Ten years after he had been conveyed a prisoner from St Andrews on board the French galley, Kirkaldy returned to Scotland, but not to repose under the laurels he had already won. Soon after this we find him married, in possession, through the death of his father, of his ancestral estates, the intimate friend of Maitland of Lethington and of Lord James, afterwards the Regent Moray, and a stanch supporter of the Lords of the Congregation. This period furnishes to us one of the most melancholy chapters of Scottish history. Mary of Guise, the queen-regent, on the one hand, was resolute to put down the growing heresy; on the other, the landed nobility were determined to overthrow the Catholic church. Knox, who had by this time returned from France, and other Reformed preachers, did their utmost to fan the flame; and the result was that melancholy work of incendiarism and ruin, which men of all parties must bitterly deplore. Then came the French auxiliaries under D'Oisel, wasting the land, ravaging the estates of the Protestants, and burning their houses and villages; a savage mode of warfare, from which Kirkaldy suffered much—Fife having been pillaged from one end to the other—but for which he exacted an ample vengeance. The details of this partisan warfare are given with much minuteness, but great spirit, by the chronicler; and it did not cease until the death of Mary of Guise.

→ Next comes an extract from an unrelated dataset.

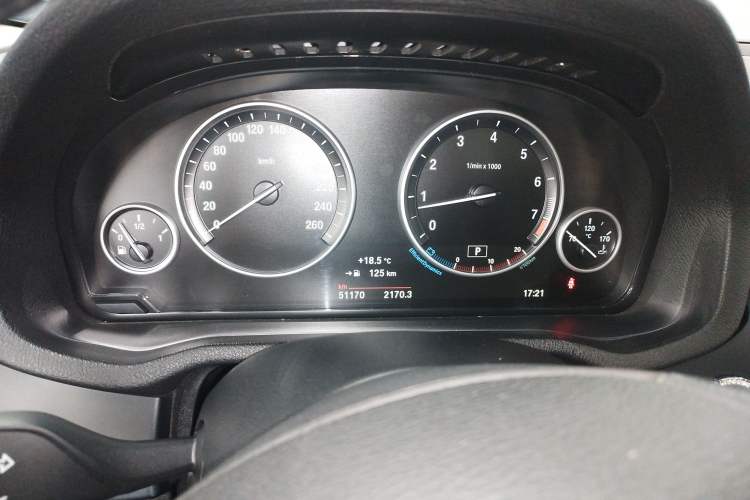 Used BMW X3 2016 sDrive20i Instrument Cluster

A new victim was now to be offered to the distempered spirit of the age: on the 19th August 1561, the young Queen Mary arrived at Leith. She was then in the nineteenth year of her age, and endowed with all that surpassing loveliness which was at once her dower and her misfortune. Her arrival was dreaded by the preachers, who detested the school in which she had been educated, and the influence she might be enabled to exercise; but the great mass of the people hailed her coming with acclamations of unfeigned delight:—
"Despite the efforts of these dark-browed Reformers, agitated by the memory of her good and gallant father,—the king of the poor—by that of her thirteen years' absence from them, and stirred by that inborn spirit of loyalty which the Scots possessed in so intense a degree, the people received their beautiful queen with the utmost enthusiasm, and outvied each other in her praise.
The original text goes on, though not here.